3 The Global Dimension of the Saudi Legal Discourse
As the birthplace of Islam, Saudi Arabia occupies a unique symbolic place in the Muslim world. The kingdom’s jurists have successfully used this symbolic capital to establish themselves as the guardians of Islamic orthodoxy in the contemporary world. Whereas Saudi scholars stood at the margins of the Muslim intellectual world at the beginning of the twentieth century, their ideas today dominate Islamic discourses in many countries inside and outside of the Arab world. Saudi understandings of Islamic law are increasingly becoming a reference point for Muslims all around the globe, especially for younger generations.
The support of the Saudi kings is an important factor in the jurists’ growing influence. Siyāsa sharʿiyya obliges the kings not only to follow Islamic law in their actions but also to help propagate Saudi views on sharīʿa. Financed by the king, Saudi organizations have in the last decades distributed writings by Saudi ʿulamāʾ to mosques and Islamic cultural centers worldwide. Moreover, Islamic universities in the kingdom attract thousands of international students from all over the Muslim world, who, once returned to their home countries, apply Saudi understandings of Islamic law in their teaching or judging.3
However, it was the internet that put Saudi views at the center of contemporary discourses on Islam and Islamic law. A quick search in English or Arabic on a random question of Islamic jurisprudence most likely leads to the website of a Saudi scholar. A younger generation of Saudi ʿulamāʾ, like Muḥammad bin ʿAbd al-Raḥmān al-ʿArīfī or Ṣāliḥ bin ʿAwād al-Maghāmsī, have managed to gain a massive social media following that is not anymore limited to the kingdom.4
The world will thus closely look at how and whether Saudi efforts to combine Islamic orthodoxy with twenty-first-century capitalism, the digital revolution, and other challenges of our times will succeed. The development of the Saudi judiciary will show if and how Islamic jurisprudence can survive as a living tradition.
Chibli Mallat, The Normalization of Saudi Law (Oxford: Oxford University Press, 2022).
See Dominik Krell, “Codification and the Legacy of Islamic Jurisprudence,” Oriente Moderno (forthcoming).
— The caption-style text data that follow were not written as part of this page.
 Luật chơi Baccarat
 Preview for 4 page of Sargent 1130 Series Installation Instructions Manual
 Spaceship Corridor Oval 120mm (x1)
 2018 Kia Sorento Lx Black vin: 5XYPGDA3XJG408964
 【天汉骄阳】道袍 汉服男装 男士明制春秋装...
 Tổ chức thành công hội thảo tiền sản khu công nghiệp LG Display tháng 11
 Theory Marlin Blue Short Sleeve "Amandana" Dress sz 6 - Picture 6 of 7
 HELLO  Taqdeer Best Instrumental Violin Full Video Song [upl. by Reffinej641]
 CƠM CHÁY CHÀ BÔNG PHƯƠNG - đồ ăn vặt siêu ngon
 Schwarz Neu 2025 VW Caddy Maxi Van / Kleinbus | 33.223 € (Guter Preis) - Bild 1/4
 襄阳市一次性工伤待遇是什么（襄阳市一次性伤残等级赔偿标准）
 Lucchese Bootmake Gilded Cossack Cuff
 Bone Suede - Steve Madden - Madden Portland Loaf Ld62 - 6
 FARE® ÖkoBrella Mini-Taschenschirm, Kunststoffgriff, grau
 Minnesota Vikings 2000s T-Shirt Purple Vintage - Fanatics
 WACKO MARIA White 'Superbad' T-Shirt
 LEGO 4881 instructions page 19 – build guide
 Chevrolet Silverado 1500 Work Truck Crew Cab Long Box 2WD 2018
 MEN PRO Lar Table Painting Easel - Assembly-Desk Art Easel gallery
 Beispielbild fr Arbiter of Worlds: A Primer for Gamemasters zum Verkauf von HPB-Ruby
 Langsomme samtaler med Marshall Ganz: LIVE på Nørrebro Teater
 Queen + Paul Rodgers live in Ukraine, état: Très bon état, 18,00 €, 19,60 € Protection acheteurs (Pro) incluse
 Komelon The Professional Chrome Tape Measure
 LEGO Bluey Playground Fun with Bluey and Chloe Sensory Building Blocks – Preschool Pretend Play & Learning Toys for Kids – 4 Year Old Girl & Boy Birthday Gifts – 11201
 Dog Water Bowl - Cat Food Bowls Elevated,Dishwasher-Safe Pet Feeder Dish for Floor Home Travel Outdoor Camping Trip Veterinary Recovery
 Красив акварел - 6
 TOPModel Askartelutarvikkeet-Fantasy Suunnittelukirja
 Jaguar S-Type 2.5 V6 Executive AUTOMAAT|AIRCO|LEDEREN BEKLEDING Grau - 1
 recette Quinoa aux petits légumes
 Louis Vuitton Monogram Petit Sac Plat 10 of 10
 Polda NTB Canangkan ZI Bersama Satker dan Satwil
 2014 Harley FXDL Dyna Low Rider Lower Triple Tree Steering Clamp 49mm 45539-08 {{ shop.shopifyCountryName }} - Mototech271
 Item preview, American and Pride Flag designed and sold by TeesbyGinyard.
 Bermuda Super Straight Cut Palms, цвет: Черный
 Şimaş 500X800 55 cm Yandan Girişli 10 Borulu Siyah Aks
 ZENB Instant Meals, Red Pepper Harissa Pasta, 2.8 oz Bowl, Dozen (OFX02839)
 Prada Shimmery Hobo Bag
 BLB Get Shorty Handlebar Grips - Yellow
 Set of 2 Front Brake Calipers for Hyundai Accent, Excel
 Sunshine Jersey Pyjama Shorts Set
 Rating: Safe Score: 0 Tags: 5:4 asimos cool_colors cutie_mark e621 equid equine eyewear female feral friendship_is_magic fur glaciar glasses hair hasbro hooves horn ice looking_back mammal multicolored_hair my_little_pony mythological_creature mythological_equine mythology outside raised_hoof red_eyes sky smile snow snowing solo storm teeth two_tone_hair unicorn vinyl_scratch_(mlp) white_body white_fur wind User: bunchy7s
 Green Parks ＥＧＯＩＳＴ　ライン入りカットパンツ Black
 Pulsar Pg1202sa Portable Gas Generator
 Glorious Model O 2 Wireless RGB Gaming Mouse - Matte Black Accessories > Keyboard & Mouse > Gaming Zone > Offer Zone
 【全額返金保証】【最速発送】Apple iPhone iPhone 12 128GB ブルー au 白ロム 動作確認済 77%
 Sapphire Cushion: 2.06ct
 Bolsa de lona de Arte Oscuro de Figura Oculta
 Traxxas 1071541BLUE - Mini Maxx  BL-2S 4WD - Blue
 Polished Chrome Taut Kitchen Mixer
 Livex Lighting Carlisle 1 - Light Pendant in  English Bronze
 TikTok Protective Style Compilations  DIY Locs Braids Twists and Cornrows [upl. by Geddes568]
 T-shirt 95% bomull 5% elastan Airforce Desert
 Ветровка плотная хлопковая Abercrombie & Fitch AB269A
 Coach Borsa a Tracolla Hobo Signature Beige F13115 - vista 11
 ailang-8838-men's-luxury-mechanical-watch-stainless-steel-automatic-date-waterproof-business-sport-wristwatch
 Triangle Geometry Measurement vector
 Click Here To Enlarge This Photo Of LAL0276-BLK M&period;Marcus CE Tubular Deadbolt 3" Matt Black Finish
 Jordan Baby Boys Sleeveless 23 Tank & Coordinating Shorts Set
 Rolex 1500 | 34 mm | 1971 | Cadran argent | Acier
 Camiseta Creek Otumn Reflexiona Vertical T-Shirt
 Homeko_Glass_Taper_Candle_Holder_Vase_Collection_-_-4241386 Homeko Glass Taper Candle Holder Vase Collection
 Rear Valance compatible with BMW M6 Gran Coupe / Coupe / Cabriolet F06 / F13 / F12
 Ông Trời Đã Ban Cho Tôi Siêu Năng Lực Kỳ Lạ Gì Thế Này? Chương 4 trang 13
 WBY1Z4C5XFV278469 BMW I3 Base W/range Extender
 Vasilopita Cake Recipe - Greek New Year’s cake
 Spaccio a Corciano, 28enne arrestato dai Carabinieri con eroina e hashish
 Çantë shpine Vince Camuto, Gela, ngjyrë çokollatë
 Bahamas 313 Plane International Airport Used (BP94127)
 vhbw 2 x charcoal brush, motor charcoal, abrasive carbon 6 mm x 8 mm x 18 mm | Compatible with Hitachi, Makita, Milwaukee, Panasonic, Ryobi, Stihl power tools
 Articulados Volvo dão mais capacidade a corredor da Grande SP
In early 2024, I had the chance to interview a large number of Islamic judges (cadis) in the Gambia. Many of the cadis had been educated in Saudi Arabia. Although they were not simply imitating Saudi scholars, their education in the kingdom undoubtedly influences their approach to Islamic law. This is most visible in their approach to the schools of jurisprudence. While the cadis still respect the authority of the Mālikī school, which prevails in the Gambia, they also regularly apply opinions from other schools.
In 2023, more than 19.2 million users followed al-ʿArīfī’s personal twitter account (now X), which made it the most followed Arab-speaking account on the platform. He has more followers than the Dalai Lama (in English, 19.1 million) and the pope (in English, 18.9 million) and almost as many followers as Al Jazeera (in Arabic, 19.9 million).